It was quiet in my growing up house. We closed the front door with silent deliberation and spoke to one another in soft tones. My parents didn’t raise their voices, either in anger or delight. We kept our feelings of fear, grief, sadness, even joy, corseted close, as if their release would tip the earth from her axis. Tears happened in muffled sobs in the corner of a bedroom. There was no room for anger. When that emotion thundered through my body, I clenched my teeth and held the fire tight between my shoulder blades, turned it in on myself and assumed that I was the one at fault.
Sometimes I beat my fists against a pillow.

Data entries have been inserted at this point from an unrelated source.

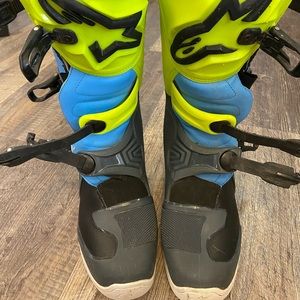 Mens size 9 Alpinestars motocross boots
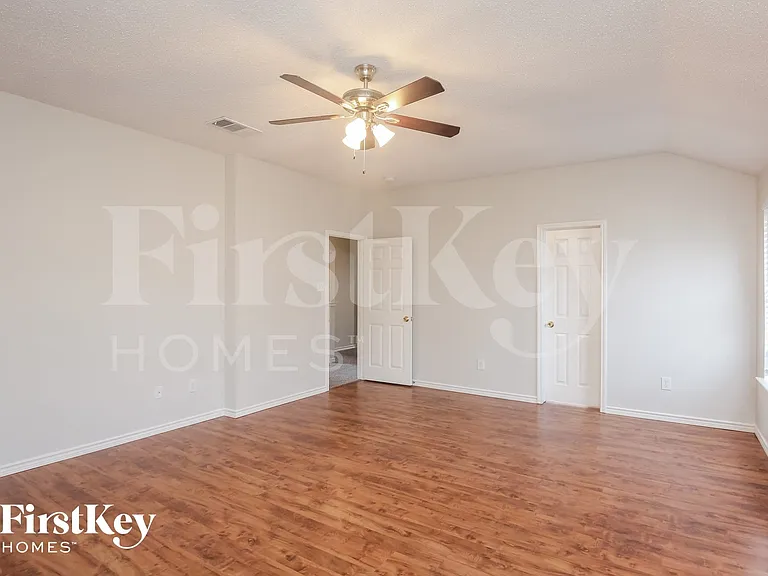 2124 Twin Creek Ln — Photo 7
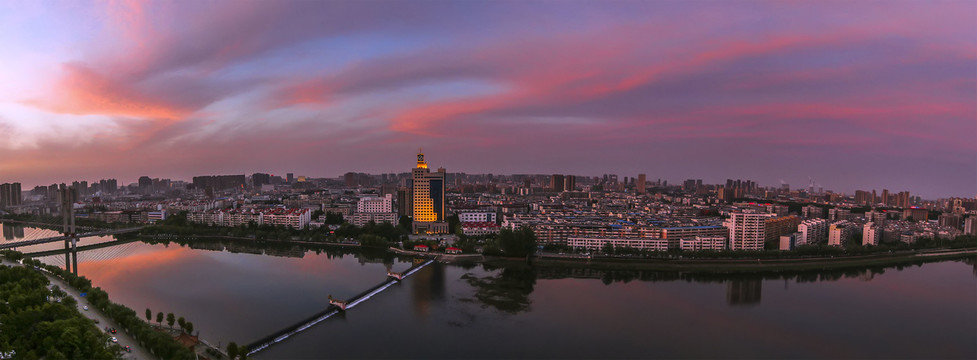 城市河流霞满天摄影图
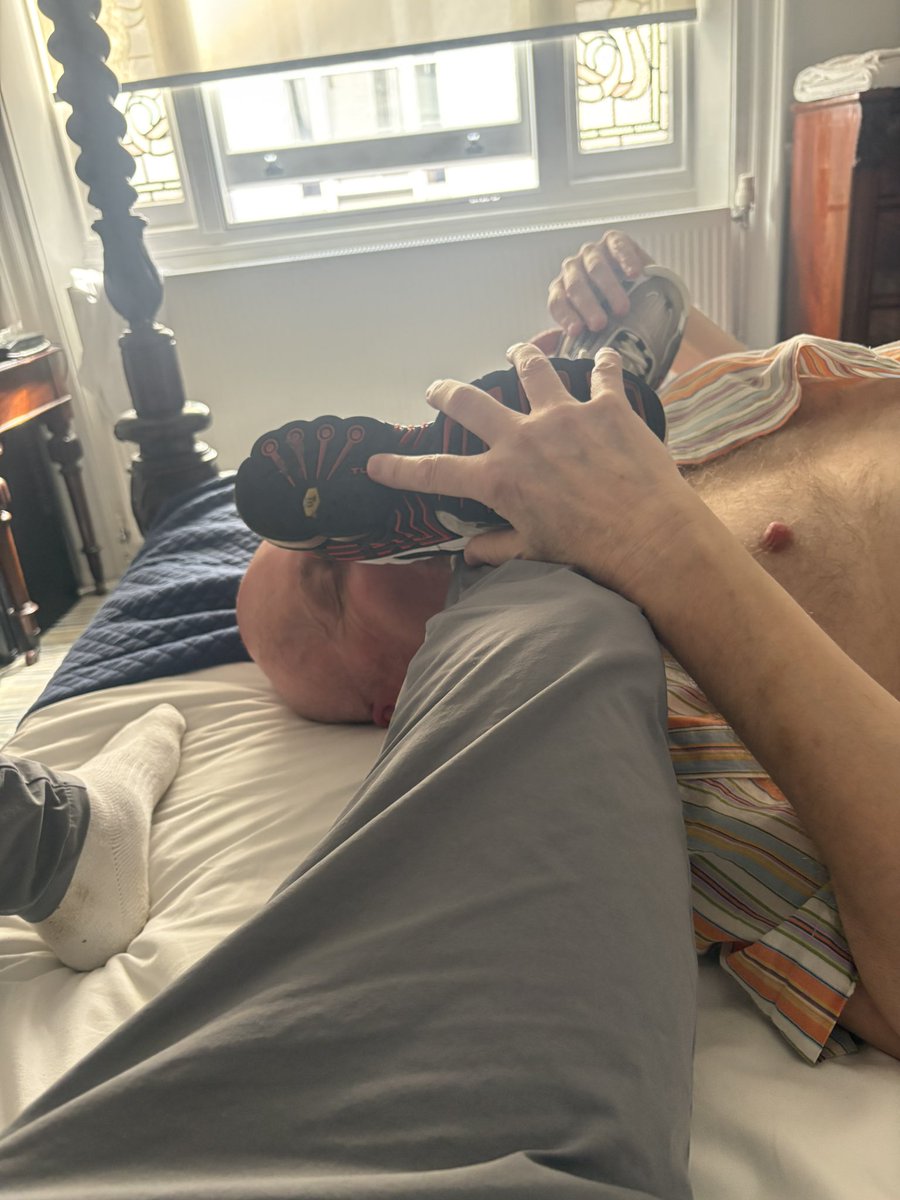 mastercalzy's tweet photo. London never fails to entertain 😏 what a lucky boy getting to sniff my godly scent from my TNs while I order takeaway on his phone😮‍💨 https://t.co/ec9kmQZcQQ
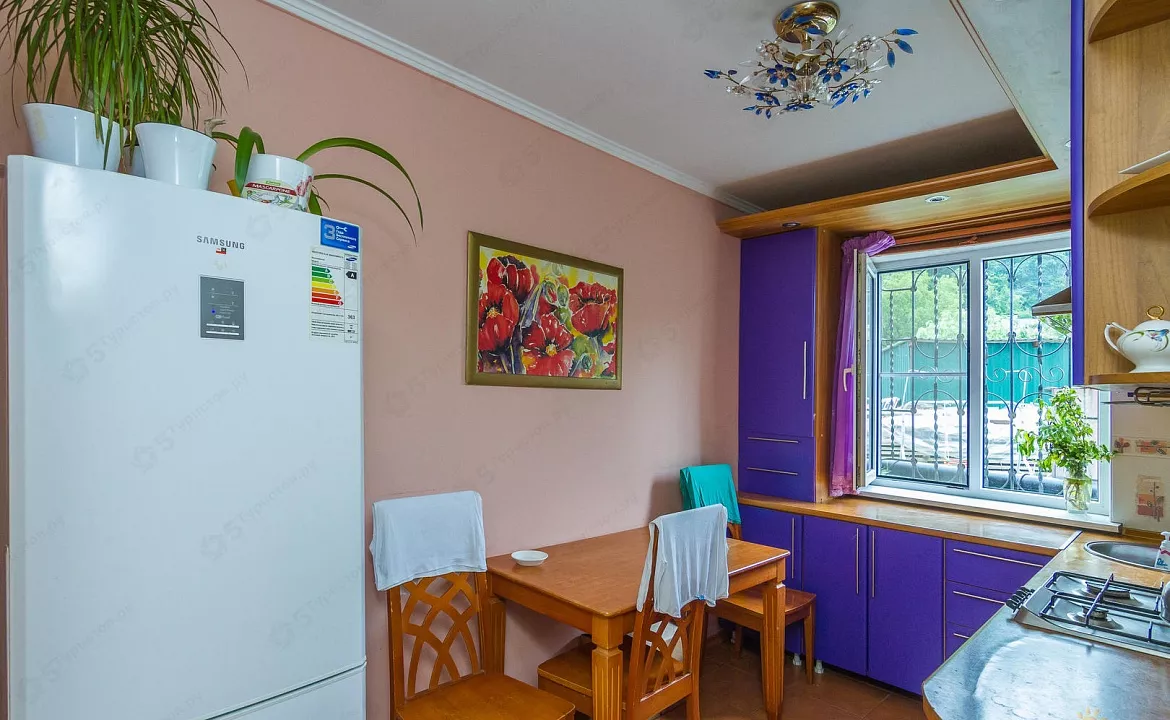 Семейный 4х местный. Гостевой дом "Бриз" - Небуг. Небуг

I learned to master nice, reliable and an accommodating smile, as a protective camouflage for the deeper feelings. It won me teacher’s pet for several years running. I learned to master how to fit in and smooth things over, how to be agreeable and nod my head while holding my contrary opinions tight inside my closed lips.
I learned to move with caution so as not to ruffle or disturb, to modulate my voice and tip my head to one side to put off the scent of aggression. This, more than arithmetic and geography, is what my childhood education taught me.
I learned what I needed to do, how I needed to behave in order to fit in and be liked. I learned who I needed to be to survive as a woman in a man’s world.
It is only now that I am beginning to notice the many ways that I contain my body, soften my voice, and play to those who hold the power. My stomach is in a knot, my chest is tight and there’s a fire welling up inside of me with no place to go.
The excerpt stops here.